Ma non c’è solo questo nel pacchetto allo studio. Prima di tutto la cornice: i Comuni saranno chiamati a «giustificare» le loro partecipazioni. Dovranno cioè fare un elenco delle politiche pubbliche che vogliono perseguire e poi motivare il ricorso ad una società, possibile solo se non ce ne sono già disponibili sul mercato o nel terzo settore. Una norma di programma che però, insieme alle sanzioni in caso di rosso, potrebbe frenare quell’attivismo che ha portato i Comuni a crearsi le loro società per gli scopi più diversi. Ad oggi i componenti dei consigli d’amministrazione hanno raggiunto quota 24 mila, un dato sottolineato anche dalla Corte dei conti che ha definito le partecipate il «vero cancro degli enti locali».

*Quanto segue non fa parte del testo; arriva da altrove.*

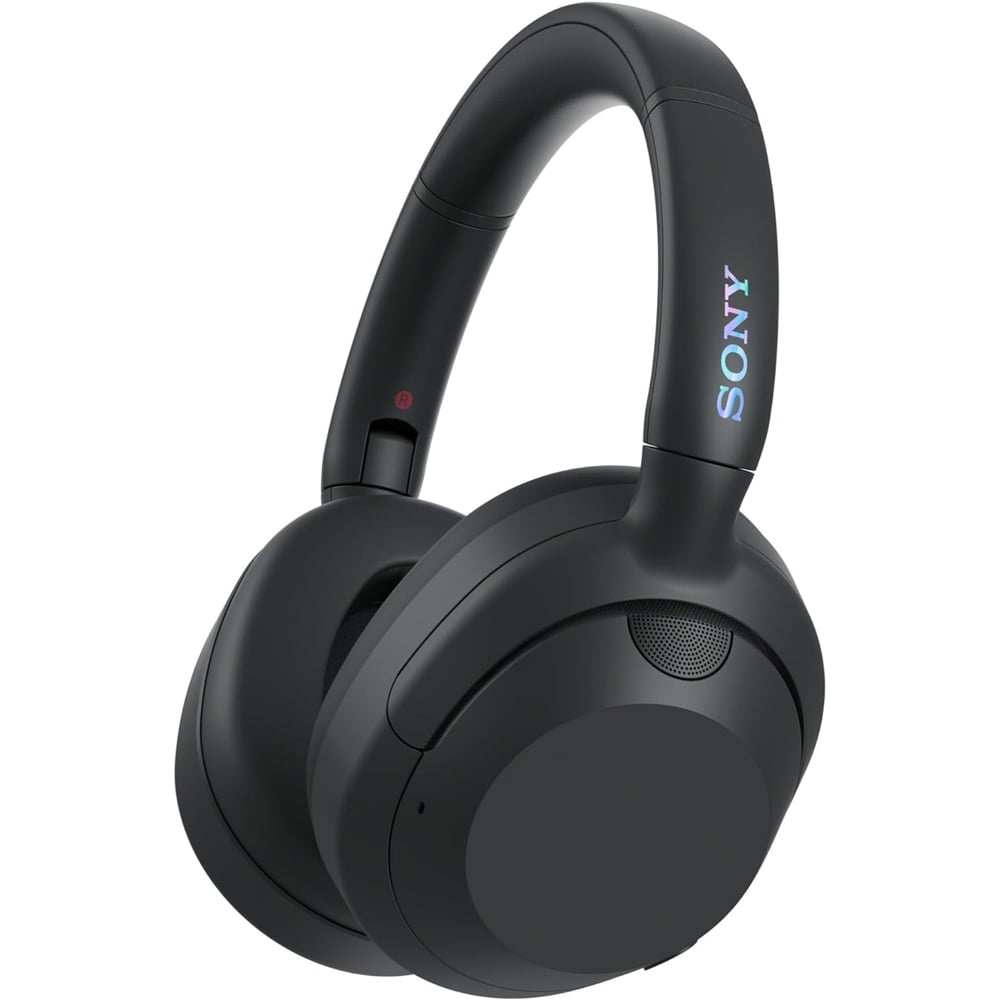 Sony WHULT900N/B ULT WEAR Wireless Noise Canceling Headphones, Black Bundle with Deco Gear Pro Audio Headphone Stand + Microfiber Cleaning Cloth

In alcuni settori come l’acqua, i trasporti e i rifiuti saranno incentivate le alleanze fra Comuni e l’ambito territoriale ottimale sarà quello delle attuali province. Il pacchetto si aggancia così proprio al disegno di legge per l’abolizione delle Province presentato dallo stesso Delrio, che ieri ha lanciato il federalismo demaniale, con il trasferimento ai Comuni di 20 mila immobili dello Stato per un valore di 2,5 miliardi di euro. Non è una contraddizione. Perché è vero che le Province non ci saranno più come organi politici, con elezioni, assessori e consiglieri. Ma è anche vero che il territorio della provincia consente di ridurre i costi di quei servizi che non possono seguire la regola dell’ognuno per sé.